What are Incoterms 2024? Simply explained!
Clear rules and standards are essential in international trade. This is where Incoterms step in: these standardized terms explicitly outline the responsibilities, regulations, and risks associated with global trade transactions.
In this article, we’ll break down what Incoterms are in simple terms, providing a detailed overview of each term, their meanings, and the benefits they offer. We’ll also help you determine which Incoterms are best suited for your business, complete with practical examples. Let’s dive in!
What are Incoterms? Meaning and definition
Incoterms, short for "International Commercial Terms," are globally recognized rules that outline the obligations of buyers and sellers in international goods trade. They provide clarity on who is responsible for specific tasks, particularly in the following areas:
- time and place of delivery,
- risks and insurance,
- costs and
- customs clearance.
The Incoterms were established by the International Chamber of Commerce (ICC) in 1936 and have since become a fundamental aspect of international trade. These rules are typically revised every 10 years to stay current with global trading practices and are widely recognized by importers, exporters, freight forwarders, and carriers around the world.
According to the ICC, the Incoterms "... provide a globally valid standard for delivery terms in international transactions."

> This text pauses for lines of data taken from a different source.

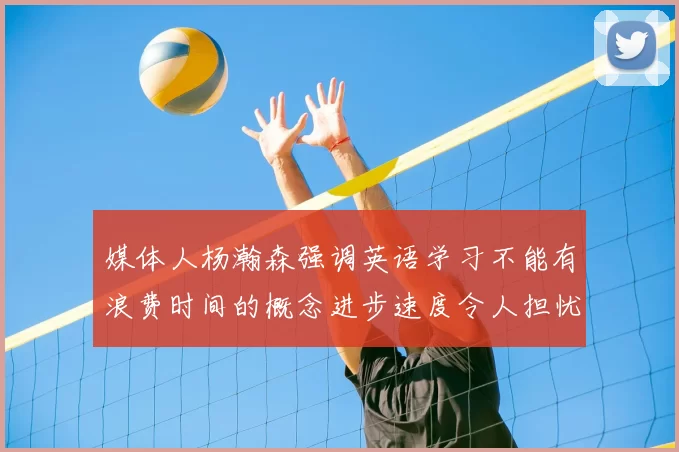 媒体人杨瀚森强调英语学习不能有浪费时间的概念进步速度令人担忧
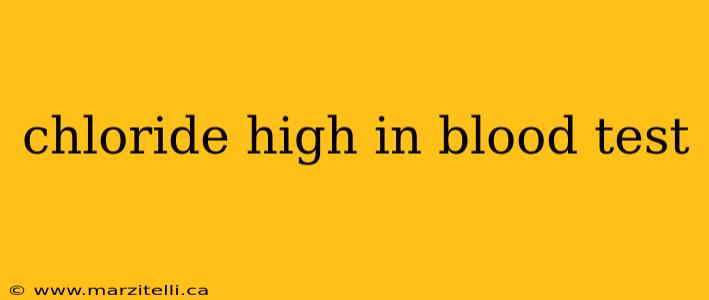 chloride high in blood test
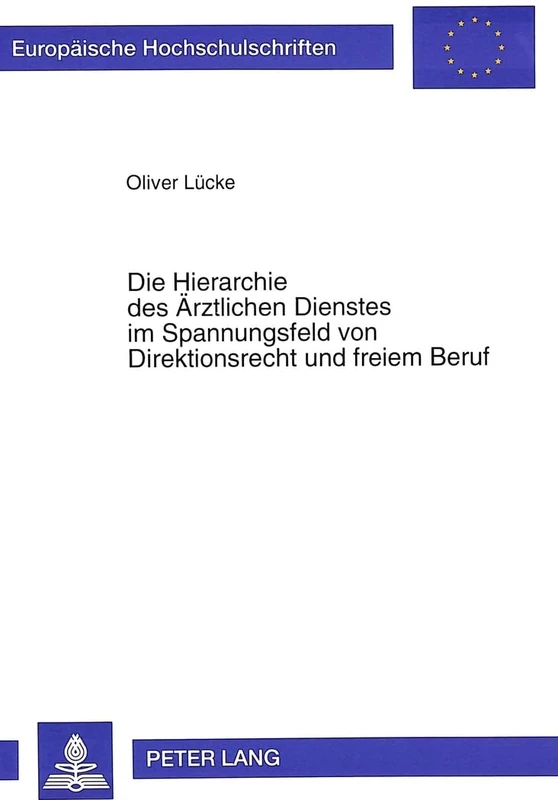 Die Hierarchie Des Aerztlichen Dienstes Im Spannungsfeld Von Direktionsrecht Und Freiem Beruf: 1819 (Europaeische Hochschulschriften Recht) - Image 1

- The latest definition of Incoterms dates back to 2020.
- According to the ICC, Incoterms are used in 90% of all sales contracts worldwide.
In essence, Incoterms address and streamline common questions such as:
- When are the goods transferred from the seller to the buyer?
- Who bears which transport costs?
- Who and when does one party assume liability for loss of or damage to the goods, as well as insurance costs?
Categories and Groups of Incoterms
Incoterms are divided into 4 groups, with each group applicable to either all modes of transport or exclusively to sea transport:
C-clauses, also known as "dispatch clause with assumption of costs by the seller":
C-Incoterms are usually chosen when the seller assumes the transport costs up to the destination. The seller pays for the transport to a specific location, but the risk is transferred to the buyer as soon as the goods are handed over to the first carrier.
D clauses, also known as "arrival clauses":
These terms are beneficial when the seller covers the transport costs to the final destination. The responsibility and risk shift to the buyer once the goods reach their destination and are made available to them.
E-clause EXW (Ex Works), also known as the "collection clause":
EXW is the right choice if the buyer is to assume all costs and risks of transport from the seller's works. The buyer pays for everything from this point onwards and responsibility is transferred to the buyer as soon as the goods are ready for collection from the seller.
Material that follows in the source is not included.